Your objective => Go through the entries below and print each one exactly, leaving out pictures.

(Dataset excerpts)
━━━━━━━━

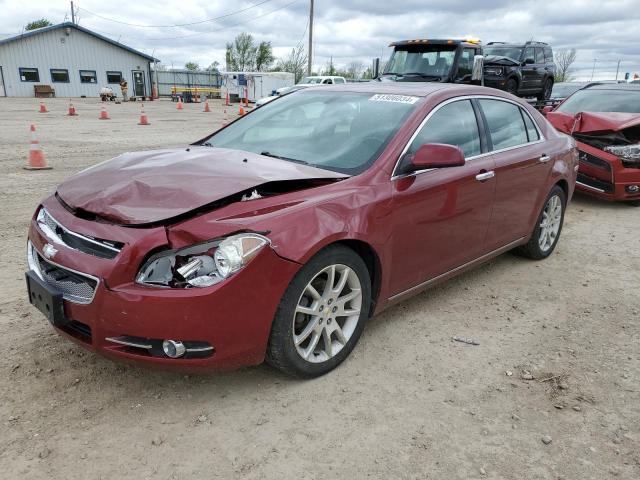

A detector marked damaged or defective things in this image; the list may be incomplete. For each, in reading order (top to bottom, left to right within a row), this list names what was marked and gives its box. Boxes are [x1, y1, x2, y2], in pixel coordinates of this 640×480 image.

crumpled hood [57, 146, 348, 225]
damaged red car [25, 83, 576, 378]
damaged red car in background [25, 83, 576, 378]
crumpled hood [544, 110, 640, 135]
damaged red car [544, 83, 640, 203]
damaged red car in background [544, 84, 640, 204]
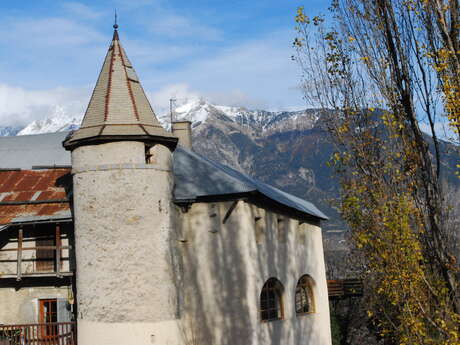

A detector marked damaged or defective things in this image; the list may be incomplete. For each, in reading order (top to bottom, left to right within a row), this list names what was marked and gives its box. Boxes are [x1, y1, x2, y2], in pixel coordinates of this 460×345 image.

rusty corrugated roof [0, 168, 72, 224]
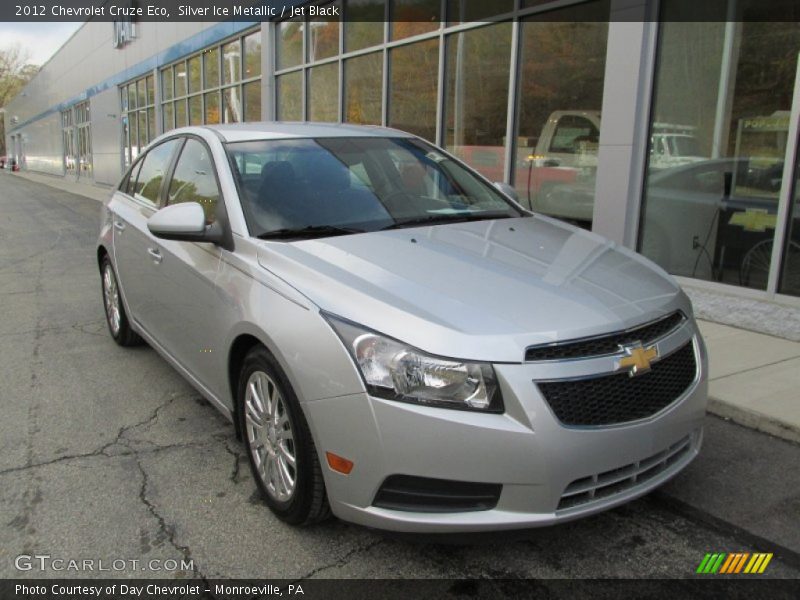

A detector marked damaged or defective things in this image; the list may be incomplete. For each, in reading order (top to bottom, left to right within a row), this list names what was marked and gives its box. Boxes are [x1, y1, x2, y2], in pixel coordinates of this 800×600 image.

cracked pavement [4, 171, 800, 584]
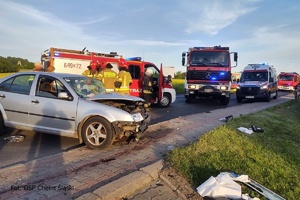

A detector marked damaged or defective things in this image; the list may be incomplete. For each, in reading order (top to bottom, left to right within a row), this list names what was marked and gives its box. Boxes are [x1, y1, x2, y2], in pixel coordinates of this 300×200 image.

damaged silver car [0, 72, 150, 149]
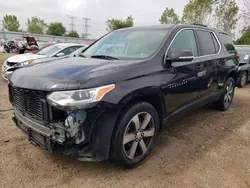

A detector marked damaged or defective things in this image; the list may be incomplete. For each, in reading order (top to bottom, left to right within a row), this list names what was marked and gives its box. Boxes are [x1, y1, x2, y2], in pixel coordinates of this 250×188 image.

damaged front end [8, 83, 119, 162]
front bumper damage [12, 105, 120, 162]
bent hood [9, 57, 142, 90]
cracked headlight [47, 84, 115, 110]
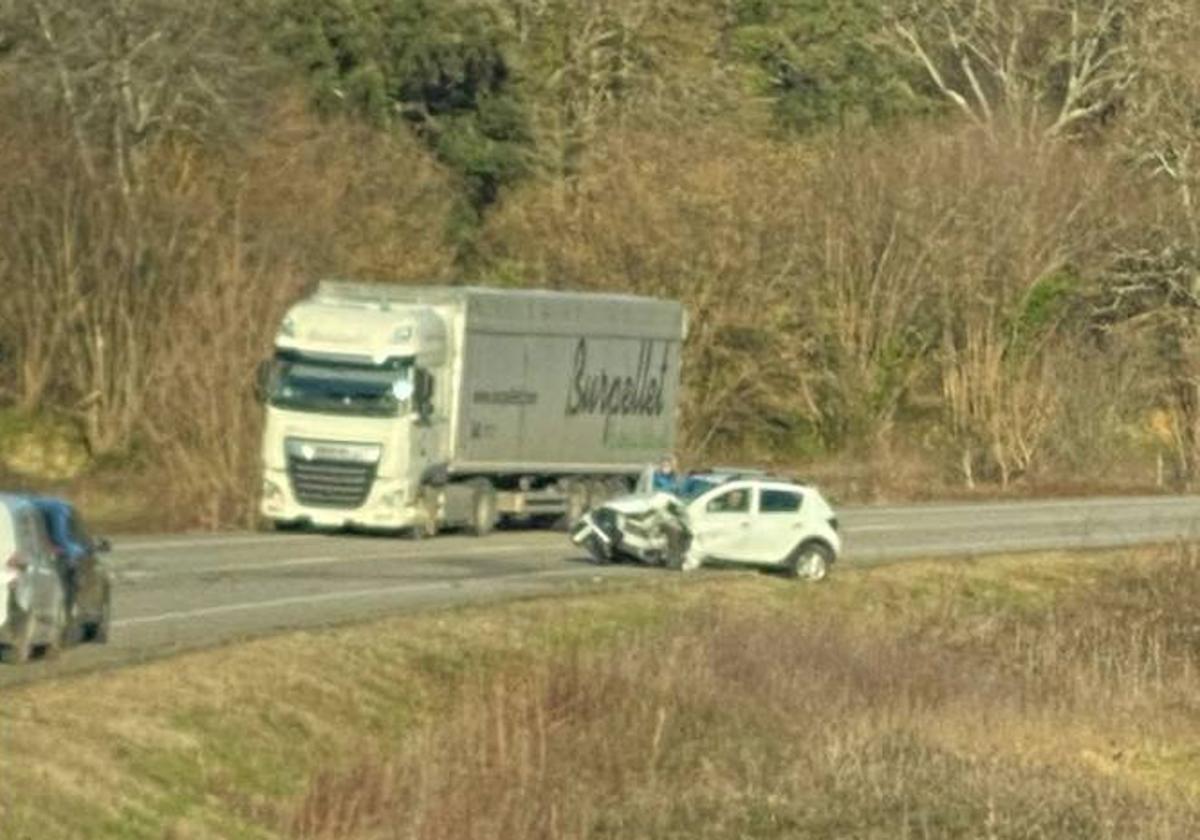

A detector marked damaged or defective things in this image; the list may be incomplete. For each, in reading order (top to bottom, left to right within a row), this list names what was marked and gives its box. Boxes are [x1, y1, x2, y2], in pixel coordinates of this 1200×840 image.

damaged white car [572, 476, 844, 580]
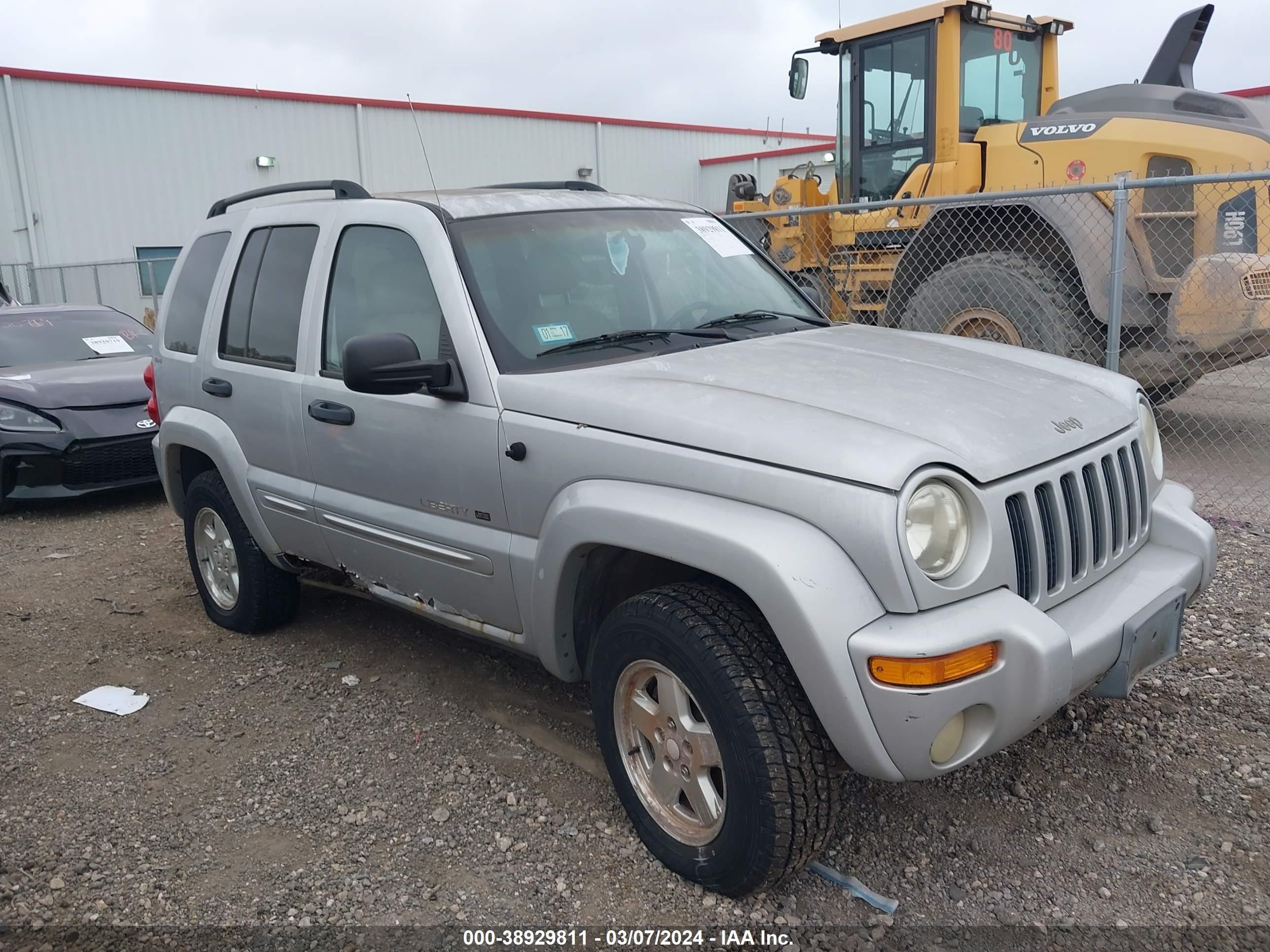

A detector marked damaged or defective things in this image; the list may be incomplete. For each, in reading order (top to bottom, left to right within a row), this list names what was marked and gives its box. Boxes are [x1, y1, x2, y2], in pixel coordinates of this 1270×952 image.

━━━━━━━━

Response to this task =>
A detector marked damaged or defective things in this image; the list may be incomplete. For each, in reading order (top to bottom, left to right within a row), this list names what was marked and gives its box. Boxes are [x1, y1, x2, y2], in pixel coordinates of this 640×480 image.

crumpled hood [57, 146, 348, 225]
damaged red car [25, 83, 576, 378]
damaged red car in background [25, 83, 576, 378]
crumpled hood [544, 110, 640, 135]
damaged red car [544, 83, 640, 203]
damaged red car in background [544, 84, 640, 204]

A detector marked damaged or defective things in this image; the list may be incomplete. For each, in reading order (top to bottom, left to right within a row), this list names what was marked and gives its box. Boxes are [x1, y1, x2, y2], in pixel coordinates of this 460×345 image.

rusty corrugated roof [0, 168, 72, 224]

A detector marked damaged or defective things in this image; the list may be incomplete. For each, in reading order (top to bottom, left to right within a row), this list names what was marked and gives its box. Boxes are [x1, y1, x2, y2], in pixel coordinates of this 800×600 image.

cracked pavement [4, 171, 800, 584]

A detector marked damaged or defective things in this image; the list may be incomplete. For each, in reading order (top to bottom, left to right within a row), this list names what was marked and gives its box. Boxes are [x1, y1, x2, y2], in pixel coordinates of this 300×200 image.

damaged silver car [0, 72, 150, 149]

A detector marked damaged or defective things in this image; the list may be incomplete. For each, in reading order (top to bottom, left to right within a row), this list names what was marked and gives its box. Boxes are [x1, y1, x2, y2], in pixel coordinates of this 250×188 image.

damaged front end [8, 83, 119, 162]
front bumper damage [12, 105, 120, 162]
bent hood [9, 57, 142, 90]
cracked headlight [47, 84, 115, 110]

A detector marked damaged or defective things in this image; the list may be incomplete. For each, in reading order (top to bottom, left to right within a row), this list names what was marked and gives its box. Boxes are [x1, y1, x2, y2], in pixel coordinates of this 1200×840 image.

damaged white car [572, 476, 844, 580]

A detector marked damaged or defective things in this image; the list may be incomplete. For each, in reading order (top to bottom, left to right within a row), this list names what was marked and gives its box. Boxes are [x1, y1, x2, y2], in pixel coordinates of this 1270×952 image.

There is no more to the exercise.